What this task involves -
Please retype the data below line for line and leave out every picture.

Provided data -
┄┄┄┄┄┄┄┄┄┄

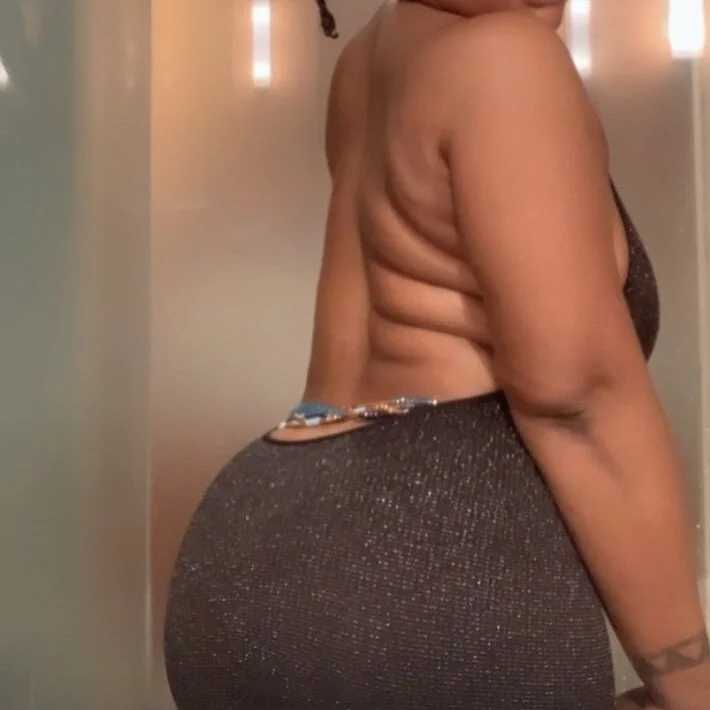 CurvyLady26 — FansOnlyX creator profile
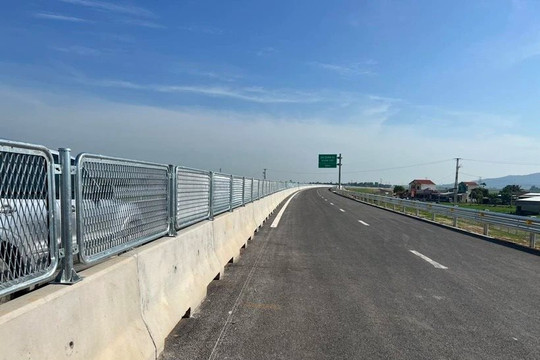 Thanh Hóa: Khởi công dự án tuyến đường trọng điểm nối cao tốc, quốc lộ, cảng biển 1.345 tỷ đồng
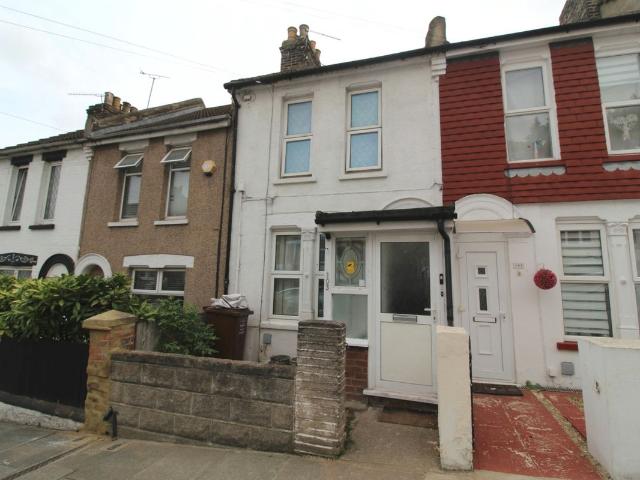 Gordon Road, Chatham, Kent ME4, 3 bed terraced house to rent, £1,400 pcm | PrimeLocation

┄┄┄┄┄┄┄┄┄┄

Solved exercise -
 CurvyLady26 — FansOnlyX creator profile
 Thanh Hóa: Khởi công dự án tuyến đường trọng điểm nối cao tốc, quốc lộ, cảng biển 1.345 tỷ đồng
 Gordon Road, Chatham, Kent ME4, 3 bed terraced house to rent, £1,400 pcm | PrimeLocation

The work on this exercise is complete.